Green-Schwarz Mechanism in Heterotic (2,0) Gauged Linear Sigma Models: Torsion and NS5 Branes

TL;DR

This work develops a microscopic description of heterotic $(2,0)$ compactifications via gauged linear sigma models with field-dependent FI terms. By implementing a worldsheet Green–Schwarz mechanism, the authors show how gauge anomalies can be canceled under specific conditions, though instanton quantization tightly constrains the allowed couplings. The framework reveals that such FI terms generally induce non-Kähler (torsion) target spaces, with logarithmic terms signaling NS5-branes and, in some phases, anti-NS5 branes causing decompactification.

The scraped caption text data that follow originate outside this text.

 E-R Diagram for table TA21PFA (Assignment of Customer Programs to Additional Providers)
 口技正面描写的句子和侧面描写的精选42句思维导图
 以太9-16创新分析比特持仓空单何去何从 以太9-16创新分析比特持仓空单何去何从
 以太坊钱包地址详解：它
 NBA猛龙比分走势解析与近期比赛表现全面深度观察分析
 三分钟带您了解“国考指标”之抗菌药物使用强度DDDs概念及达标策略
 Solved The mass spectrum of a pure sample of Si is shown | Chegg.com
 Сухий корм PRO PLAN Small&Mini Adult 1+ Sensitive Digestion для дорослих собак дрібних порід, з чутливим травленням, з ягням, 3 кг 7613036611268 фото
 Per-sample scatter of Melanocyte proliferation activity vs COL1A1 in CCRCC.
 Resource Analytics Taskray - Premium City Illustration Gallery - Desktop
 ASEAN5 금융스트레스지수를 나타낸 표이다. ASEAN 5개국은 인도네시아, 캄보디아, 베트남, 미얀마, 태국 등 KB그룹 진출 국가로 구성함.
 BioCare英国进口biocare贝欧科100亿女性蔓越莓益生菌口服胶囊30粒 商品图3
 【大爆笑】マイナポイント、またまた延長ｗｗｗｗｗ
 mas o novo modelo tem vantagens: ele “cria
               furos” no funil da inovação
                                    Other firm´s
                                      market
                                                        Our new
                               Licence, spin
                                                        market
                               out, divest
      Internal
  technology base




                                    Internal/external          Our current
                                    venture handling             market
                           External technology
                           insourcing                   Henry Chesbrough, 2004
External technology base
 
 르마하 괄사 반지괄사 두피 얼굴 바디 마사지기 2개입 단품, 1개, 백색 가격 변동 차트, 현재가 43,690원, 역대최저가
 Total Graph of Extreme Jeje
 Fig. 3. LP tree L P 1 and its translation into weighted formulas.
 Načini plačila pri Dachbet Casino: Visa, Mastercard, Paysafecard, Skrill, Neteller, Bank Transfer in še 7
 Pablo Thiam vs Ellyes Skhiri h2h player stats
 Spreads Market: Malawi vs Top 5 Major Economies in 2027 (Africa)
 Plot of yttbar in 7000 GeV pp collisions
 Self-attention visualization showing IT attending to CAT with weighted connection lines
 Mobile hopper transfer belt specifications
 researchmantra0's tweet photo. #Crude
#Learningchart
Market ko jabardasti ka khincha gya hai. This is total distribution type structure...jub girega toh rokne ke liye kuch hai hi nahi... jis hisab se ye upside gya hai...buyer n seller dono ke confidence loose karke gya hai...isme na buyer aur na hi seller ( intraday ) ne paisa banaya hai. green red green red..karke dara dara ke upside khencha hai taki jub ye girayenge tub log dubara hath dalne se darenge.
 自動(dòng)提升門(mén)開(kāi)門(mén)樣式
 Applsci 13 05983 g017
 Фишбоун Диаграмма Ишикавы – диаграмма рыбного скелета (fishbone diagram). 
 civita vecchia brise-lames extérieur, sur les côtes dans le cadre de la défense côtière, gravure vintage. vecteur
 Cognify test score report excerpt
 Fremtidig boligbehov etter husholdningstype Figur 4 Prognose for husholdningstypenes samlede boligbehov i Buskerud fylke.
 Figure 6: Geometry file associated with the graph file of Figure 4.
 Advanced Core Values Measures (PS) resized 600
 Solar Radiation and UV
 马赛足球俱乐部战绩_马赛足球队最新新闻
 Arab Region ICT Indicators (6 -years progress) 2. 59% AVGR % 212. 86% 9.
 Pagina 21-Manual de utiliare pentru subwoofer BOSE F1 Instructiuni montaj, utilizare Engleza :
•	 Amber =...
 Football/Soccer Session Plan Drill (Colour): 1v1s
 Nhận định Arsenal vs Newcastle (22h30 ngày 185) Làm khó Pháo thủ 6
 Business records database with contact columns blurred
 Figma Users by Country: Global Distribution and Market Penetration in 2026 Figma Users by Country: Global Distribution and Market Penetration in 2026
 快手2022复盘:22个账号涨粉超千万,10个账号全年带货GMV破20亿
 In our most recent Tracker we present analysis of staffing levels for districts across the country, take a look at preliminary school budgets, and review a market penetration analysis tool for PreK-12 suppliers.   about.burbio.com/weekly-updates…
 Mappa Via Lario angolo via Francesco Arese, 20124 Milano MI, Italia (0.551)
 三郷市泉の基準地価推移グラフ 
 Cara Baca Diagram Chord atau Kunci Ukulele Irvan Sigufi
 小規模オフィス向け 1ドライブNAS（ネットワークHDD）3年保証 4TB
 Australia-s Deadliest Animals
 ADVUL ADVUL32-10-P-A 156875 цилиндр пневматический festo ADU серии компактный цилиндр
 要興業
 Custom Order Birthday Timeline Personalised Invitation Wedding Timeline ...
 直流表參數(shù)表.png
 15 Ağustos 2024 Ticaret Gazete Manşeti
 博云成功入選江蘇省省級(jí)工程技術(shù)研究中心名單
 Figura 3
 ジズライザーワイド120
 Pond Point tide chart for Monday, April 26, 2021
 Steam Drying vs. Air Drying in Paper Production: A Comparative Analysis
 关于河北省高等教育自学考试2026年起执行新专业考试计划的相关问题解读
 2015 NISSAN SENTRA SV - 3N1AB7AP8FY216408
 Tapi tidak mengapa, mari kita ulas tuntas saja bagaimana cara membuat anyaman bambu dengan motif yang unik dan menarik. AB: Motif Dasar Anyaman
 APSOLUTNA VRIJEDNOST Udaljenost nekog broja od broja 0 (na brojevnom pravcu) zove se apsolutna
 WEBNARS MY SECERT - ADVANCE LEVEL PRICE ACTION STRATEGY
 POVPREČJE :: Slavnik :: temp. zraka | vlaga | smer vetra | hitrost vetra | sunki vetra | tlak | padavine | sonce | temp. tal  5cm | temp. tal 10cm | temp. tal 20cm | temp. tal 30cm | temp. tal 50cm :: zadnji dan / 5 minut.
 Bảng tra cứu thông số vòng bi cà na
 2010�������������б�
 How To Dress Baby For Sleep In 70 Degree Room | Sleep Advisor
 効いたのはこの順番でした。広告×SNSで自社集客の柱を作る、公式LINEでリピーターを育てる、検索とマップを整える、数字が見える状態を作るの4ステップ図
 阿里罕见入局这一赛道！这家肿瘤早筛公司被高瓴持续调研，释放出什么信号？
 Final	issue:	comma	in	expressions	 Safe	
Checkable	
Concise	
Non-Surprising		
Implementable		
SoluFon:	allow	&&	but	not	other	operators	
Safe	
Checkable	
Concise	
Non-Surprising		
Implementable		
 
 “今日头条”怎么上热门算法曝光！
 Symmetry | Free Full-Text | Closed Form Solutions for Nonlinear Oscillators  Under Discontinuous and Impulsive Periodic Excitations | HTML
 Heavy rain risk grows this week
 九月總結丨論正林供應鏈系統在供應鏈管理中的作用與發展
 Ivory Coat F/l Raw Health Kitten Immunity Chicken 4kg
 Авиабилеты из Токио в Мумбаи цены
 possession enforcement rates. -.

They connect these worldsheet constructions to orbifold–CY transitions, providing concrete examples on the quintic and on $\mathbb{P}^7[2,2,2,2]$, thus linking NS5-brane physics, torsion, and heterotic flux vacua in a unified GLSM setting.

Abstract

Heterotic string compactifications can be conveniently described in the language of (2,0) gauged linear sigma models (GLSMs). Such models allow for Fayet-Iliopoulos (FI)-terms, which can be interpreted as Kahler parameters and axions on the target space geometry. We show that field dependent non-gauge invariant FI-terms lead to a Green-Schwarz-like mechanism on the worldsheet which can be used to cancel worldsheet anomalies. However, given that these FI-terms are constrained by quantization conditions due to worldsheet gauge instantons, the anomaly conditions turn out to be still rather constraining. Field dependent non-gauge invariant FI-terms result in non-Kahler, i.e. torsional, target spaces in general. When FI-terms involve logarithmic terms, the GLSM seems to describe the heterotic string in the presence of Neveu-Schwarz (NS)5 branes. In particular, when the gauge bundle overcloses the Bianchi identities, the GLSM describes a decompactified target space geometry due to anti-NS5 branes.